The pancakes, clearly, were not fresh and the side order of chopped fruit was an abomination. Manky strawberries, black slices of banana and the mint sprig on top was more a cry for help. But the worst offender of all was the bacon. I’d specifically asked for crispy. What I got looked like it had just been flayed from a fat woman’s forearm. So then I was back to feeling ragey for the rest of the morning.
There was a bit of Good News on the work front – AJ is still on side. He’s not winking at me any more – perhaps he thinks it’s inappropriate to do that to rape victims – but he did make me my usual peanut butter and banana toastie for breakfast and today it had a little red heart on the top, made from strawberry jam. I needed to be sure though. I needed confirmation.
‘So when are we gonna get up close and personal?’ I said to him as he leaned across my desk, changing the bulb in my desk lamp.
‘Any time you want,’ he said. ‘What about Claudia?’
‘Does she want to join in?’ I asked, watching the tendons working in his arm as he screwed the bulb in.
He laughed. ‘I mean we’re gonna have to keep it on the down low.’
‘Yeah, of course,’ I said. ‘Go back
to your desk and I’ll text you.’ I leaned in close and bit the top of his ear. He blushed hot almost immediately.
And we did, all afternoon. We had text together. Long, hard text. I ended the chain with:
My flat’s free on Saturday night from 7 p.m. Boyf is going to watch Spurs with his mate.
Yesss!! he replied. It’s gonna be amazing. I’m hard for you now!
Kiss. Kiss. Heart eyes emoji. If I had a dick I’d be hard too.
He wasn’t to know I did have a dick. Kind of.
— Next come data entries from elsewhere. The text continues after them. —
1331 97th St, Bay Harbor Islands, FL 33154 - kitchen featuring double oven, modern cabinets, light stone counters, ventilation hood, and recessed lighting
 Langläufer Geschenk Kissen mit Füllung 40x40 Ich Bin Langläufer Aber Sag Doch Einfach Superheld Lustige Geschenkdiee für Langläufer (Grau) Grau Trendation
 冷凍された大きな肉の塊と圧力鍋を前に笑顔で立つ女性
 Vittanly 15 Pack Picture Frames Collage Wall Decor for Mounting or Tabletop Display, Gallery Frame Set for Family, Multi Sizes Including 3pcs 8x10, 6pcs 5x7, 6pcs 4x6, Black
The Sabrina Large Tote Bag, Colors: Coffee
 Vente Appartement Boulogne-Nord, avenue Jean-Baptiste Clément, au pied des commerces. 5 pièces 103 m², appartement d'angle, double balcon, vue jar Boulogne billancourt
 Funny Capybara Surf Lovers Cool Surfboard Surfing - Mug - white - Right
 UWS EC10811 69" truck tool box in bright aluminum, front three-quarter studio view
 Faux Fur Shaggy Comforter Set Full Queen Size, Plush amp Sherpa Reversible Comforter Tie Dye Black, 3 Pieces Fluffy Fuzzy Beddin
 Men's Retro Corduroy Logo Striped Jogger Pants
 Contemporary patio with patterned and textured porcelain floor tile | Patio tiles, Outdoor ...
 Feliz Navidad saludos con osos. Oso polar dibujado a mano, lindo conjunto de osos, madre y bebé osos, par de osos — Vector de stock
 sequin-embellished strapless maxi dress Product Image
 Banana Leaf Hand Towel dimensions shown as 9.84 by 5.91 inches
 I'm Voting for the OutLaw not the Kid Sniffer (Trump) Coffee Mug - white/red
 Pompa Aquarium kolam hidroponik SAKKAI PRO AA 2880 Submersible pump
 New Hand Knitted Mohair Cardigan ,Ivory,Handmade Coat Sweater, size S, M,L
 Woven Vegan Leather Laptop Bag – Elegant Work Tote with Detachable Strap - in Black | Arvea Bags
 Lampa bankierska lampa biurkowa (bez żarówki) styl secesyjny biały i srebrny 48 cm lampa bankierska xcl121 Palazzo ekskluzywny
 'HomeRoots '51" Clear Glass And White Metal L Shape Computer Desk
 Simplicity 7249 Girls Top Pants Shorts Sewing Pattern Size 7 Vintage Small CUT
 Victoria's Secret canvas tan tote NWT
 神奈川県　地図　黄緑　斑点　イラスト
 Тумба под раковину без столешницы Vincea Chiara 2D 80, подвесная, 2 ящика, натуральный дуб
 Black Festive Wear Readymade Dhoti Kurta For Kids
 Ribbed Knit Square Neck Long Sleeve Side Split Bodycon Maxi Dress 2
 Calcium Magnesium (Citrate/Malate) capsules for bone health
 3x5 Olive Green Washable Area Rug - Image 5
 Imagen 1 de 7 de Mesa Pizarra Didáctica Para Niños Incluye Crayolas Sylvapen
He texted me later to ask if we could do it in the Ladies’ after work but I’ve said no. I can’t bear the thought of being ravished in there. It’s not only filthy, it’s also damp and there’s always a warm aroma of some unwashed floozy’s menstrual leakings, even when everyone’s gone home.
Ugh. Saturday it’ll have to be.
Joy had me writing up five features for next week’s Homes for Sale and Let supplement and one of them was my mum and dad’s house. It’s Home of the Week.
‘It’s not that great a house though, is it?’ I said.
‘It’s got six bedrooms,’ she said, in full argumentative treble-chin wobble. ‘And an extension, double garage. And its own woods backing onto the garden. It’s unique, Rhiannon.’
Not to mention it’s soundproof enough to hide a kidnapped woman in for three months. Yeah, fair play, it is a pretty unique house.
When I was done, I showed her my piece and she did nothing but pick fault. She had coconut stubble all over her chin throughout.
‘You haven’t mentioned the apple tree.’
‘Do they need to know about the apple tree?’
She tutted. ‘It’s the key selling point, Rhiannon. It’s over five hundred years old. The house was rebuilt around it. There’s even a story that Henry VIII once sheltered underneath it during a storm. Put it in somewhere.’
She didn’t even say please OR thank you, the fat stinking billy-goated eunuch in piss-soaked rags that she is. And that Henry VIII story is complete bollocks. Sure it was around during his time but he didn’t shelter under it or shag Anne of Cleves up against it or anything like that. It’s just an old tree; an old tree that me and Seren used to play hide and seek behind. An old tree my mum sat underneath with a book and a lemonade. An old tree I’d seen my dad crying against when she came back from the doctor.